Setup consisted of accessing the Real Drive Corpus (RDC) and choosing the files for testing. We used the fiwalk14d directory, which had all three files that we would need for the experiment. This directory contained metadata from the state of the corpus in late 2014. While there was also the fiwalk17a directory available for consideration, due to some missing data and files, we decided to go with fiwalk14d.

Once access to the fiwalk14d directory was attained, the next step would be to make identify files in the random sample as interesting and uninteresting by Dr. Rowe's previous experiment. For this, we did two database-style joins of the data with lists of hashcodes, one a list of interesting hashcodes and one a list of uninteresting hashcodes.

The next step was to find the particular image files that we wanted to study. To accomplish this, we used the "grep" command to search for the desired file extensions (with or without capitalization) (.gif, for example). The command for finding interesting GIF files was:

Grep "\.gif|" join_augmented_hashdata_rdc_final_hahscodes.out >GREPinterestingGIFs.txt

This found many files. To enable manual inspection, we took a random sample by utilizing a python program called randchoose, which was developed by Rowe. Using randchoose reduced the number of data files that had to be transferred from the RDC to my computer. It should be noted that for both the uninteresting and interesting MP4 randchoose files we used a sampling ratio of 0.1, but for every other file type I used 0.01 as the ratio because the MP4 files found by grep were a lot less than the other grep files.

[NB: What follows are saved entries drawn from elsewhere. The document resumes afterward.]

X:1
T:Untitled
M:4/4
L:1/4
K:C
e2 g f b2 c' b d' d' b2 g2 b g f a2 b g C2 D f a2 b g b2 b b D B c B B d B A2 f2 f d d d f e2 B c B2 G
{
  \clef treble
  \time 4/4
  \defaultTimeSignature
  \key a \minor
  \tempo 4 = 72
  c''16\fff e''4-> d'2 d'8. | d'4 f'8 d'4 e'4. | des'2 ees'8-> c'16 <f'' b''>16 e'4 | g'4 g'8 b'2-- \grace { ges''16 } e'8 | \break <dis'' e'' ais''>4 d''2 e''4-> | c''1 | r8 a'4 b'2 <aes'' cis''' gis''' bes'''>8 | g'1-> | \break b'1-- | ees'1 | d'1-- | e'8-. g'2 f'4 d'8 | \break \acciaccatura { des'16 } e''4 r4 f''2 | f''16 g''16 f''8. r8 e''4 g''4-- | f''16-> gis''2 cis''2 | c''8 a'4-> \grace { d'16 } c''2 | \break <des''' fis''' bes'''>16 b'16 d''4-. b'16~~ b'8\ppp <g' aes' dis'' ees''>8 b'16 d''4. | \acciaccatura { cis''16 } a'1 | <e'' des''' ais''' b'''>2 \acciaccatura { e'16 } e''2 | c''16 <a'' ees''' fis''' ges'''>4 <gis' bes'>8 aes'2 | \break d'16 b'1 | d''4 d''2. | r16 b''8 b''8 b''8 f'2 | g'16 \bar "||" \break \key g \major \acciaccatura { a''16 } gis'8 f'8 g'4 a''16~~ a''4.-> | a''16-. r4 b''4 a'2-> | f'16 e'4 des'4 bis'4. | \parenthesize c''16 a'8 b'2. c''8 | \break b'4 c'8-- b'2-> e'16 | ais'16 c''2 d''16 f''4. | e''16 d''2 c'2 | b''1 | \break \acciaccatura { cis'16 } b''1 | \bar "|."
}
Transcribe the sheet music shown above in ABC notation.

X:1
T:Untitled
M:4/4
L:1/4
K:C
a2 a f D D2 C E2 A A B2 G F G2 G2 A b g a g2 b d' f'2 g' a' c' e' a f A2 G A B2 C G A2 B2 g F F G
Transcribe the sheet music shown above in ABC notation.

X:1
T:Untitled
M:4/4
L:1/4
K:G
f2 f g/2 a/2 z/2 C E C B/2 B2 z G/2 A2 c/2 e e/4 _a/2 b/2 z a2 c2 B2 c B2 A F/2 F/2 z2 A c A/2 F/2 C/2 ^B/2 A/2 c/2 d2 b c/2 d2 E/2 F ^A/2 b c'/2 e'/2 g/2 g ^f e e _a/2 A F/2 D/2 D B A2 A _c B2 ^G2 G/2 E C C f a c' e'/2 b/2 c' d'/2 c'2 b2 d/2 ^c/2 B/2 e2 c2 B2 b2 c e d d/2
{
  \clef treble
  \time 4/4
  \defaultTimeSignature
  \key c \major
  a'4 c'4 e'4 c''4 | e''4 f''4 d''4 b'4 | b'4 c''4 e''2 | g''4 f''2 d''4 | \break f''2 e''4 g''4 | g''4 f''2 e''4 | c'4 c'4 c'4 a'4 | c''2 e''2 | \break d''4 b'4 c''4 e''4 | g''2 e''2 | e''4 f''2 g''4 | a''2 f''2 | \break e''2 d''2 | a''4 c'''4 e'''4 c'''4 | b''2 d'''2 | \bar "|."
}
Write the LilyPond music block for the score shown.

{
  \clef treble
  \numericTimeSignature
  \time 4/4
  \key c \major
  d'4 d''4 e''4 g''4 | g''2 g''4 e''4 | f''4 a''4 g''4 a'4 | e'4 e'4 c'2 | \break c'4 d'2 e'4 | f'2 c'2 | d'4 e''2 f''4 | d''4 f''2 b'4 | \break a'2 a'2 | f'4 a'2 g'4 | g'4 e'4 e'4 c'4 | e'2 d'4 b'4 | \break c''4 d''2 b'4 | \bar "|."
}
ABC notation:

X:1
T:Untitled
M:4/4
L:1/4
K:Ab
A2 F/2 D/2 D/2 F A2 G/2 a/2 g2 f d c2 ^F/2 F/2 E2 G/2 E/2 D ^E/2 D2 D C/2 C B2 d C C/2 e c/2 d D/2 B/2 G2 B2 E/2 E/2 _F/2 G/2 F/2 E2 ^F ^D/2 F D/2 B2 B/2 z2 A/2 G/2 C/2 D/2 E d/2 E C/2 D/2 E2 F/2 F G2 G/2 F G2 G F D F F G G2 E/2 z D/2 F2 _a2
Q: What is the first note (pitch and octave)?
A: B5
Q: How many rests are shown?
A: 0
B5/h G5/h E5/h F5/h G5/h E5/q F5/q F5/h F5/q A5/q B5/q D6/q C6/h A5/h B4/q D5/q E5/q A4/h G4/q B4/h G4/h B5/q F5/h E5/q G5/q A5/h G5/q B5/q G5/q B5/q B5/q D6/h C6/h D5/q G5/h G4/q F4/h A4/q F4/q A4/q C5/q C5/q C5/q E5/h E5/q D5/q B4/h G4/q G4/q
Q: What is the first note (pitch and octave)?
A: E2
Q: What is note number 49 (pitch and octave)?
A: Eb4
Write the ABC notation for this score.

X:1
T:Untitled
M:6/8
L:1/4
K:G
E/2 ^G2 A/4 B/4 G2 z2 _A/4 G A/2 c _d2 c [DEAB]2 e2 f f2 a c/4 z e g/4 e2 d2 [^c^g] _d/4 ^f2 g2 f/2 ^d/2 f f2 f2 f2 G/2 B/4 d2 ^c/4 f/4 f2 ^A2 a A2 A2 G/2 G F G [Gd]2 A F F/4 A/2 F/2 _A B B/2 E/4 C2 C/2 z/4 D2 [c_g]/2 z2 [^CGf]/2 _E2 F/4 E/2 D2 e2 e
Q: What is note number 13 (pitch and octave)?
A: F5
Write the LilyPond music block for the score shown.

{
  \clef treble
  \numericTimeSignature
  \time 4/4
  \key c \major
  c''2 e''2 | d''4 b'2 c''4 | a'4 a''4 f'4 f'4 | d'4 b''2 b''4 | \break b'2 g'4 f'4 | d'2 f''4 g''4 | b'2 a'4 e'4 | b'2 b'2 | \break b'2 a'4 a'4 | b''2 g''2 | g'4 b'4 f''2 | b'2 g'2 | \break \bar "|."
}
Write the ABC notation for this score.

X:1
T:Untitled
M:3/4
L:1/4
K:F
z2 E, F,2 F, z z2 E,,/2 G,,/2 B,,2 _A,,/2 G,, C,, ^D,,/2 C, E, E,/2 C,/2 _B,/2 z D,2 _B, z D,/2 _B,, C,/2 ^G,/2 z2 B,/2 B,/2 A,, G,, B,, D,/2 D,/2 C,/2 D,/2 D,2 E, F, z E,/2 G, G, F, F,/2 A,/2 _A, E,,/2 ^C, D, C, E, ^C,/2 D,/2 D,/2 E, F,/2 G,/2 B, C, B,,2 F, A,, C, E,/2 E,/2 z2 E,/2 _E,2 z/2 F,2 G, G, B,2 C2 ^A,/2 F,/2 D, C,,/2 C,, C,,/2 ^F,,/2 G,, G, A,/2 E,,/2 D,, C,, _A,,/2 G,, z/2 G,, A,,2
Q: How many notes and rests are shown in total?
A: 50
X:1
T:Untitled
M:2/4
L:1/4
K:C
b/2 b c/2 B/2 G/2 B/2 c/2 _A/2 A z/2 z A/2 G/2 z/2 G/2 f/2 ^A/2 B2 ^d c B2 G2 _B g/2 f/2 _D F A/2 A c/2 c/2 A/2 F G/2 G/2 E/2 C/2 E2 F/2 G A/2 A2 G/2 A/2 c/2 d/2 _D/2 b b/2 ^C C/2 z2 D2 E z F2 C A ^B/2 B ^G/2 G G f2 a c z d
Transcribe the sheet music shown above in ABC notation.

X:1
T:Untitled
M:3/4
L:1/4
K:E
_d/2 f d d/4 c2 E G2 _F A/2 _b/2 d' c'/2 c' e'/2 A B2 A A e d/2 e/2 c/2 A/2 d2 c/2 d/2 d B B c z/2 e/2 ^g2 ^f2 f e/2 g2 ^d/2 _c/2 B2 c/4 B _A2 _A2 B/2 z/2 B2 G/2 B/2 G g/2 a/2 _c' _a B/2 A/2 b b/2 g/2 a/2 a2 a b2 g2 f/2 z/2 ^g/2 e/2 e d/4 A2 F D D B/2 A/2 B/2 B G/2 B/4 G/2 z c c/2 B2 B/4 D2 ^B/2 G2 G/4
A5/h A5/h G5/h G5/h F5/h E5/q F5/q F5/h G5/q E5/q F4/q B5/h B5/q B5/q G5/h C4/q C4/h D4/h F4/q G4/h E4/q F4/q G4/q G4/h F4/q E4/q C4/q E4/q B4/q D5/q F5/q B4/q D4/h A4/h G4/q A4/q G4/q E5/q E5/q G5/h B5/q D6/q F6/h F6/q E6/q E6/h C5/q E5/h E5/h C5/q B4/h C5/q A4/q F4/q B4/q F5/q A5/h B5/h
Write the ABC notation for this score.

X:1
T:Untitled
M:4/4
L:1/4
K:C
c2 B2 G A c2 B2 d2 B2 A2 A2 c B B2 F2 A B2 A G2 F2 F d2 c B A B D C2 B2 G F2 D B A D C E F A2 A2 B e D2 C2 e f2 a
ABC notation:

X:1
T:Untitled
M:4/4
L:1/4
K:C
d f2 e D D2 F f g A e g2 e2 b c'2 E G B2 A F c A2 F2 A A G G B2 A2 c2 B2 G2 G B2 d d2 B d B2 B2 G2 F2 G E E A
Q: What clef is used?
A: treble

For study of GIF files, we chose 100 files that were declared to be interesting from Rowe's previous experiments, and 100 files that were supposed to be uninteresting. For the other file types, we only chose 50 of each because they were not the main file type to be investigated by this thesis. To subsample these files further, we used a Google Chrome plug-in called Randomgen, by VaughnGH.

B. data transfer

The Data Transfer phase used the file metadata from the previous phase (like that in Figure 1) to get the actual files from the RDC. Files in disk images in the RDC can be accessed and scanned by a variety of forensic tools. We used open-source software called The Sleuth Kit, which is "a library and collection of command line tools that allow you to investigate disk images" (Carrier, n.d.). It is a tool set that is available for free for people interested in digital forensics. To extract a file from the RDC, we used a Sleuthkit command icat. The icat command requires three parameters: the drive, the drive's offset number for its file system, and the inode number of the file sought. The drive offset is the number of bytes to go from the beginning of the drive before it can start looking at data (Venema, n.d.) (the usual offset is 63). The inode number is like an address of the file on the drive; we obtained it from the output of the Fiwalk tool included within Sleuthkit that extracts file metadata. The output was given in the following manner: |182|$OrphanFiles/17383091_mp4_h264_aac[1].mp4|0|0|0|AE10-1003|71262|63|, where the drive is AE10-1003, the inode number is 71262, and the offset is 63.

C. Data testing

Before examining the data inside the file, we examined its metadata. The directory path of the file gives more context as to why the picture is on the drive. For instance, if a picture is a blue square, if we saw that the file was named "buttonBackground.gif" and it was under the iTunes directory, then we can infer that it is an uninteresting software GIF. Also, the size of a file could give clues to the nature of the file. For example, if a GIF file is less than 1 inch tall by 1 inch wide but the size of the file is a large 200 KB, this discrepancy would make this file interesting because it could show signs of tampering.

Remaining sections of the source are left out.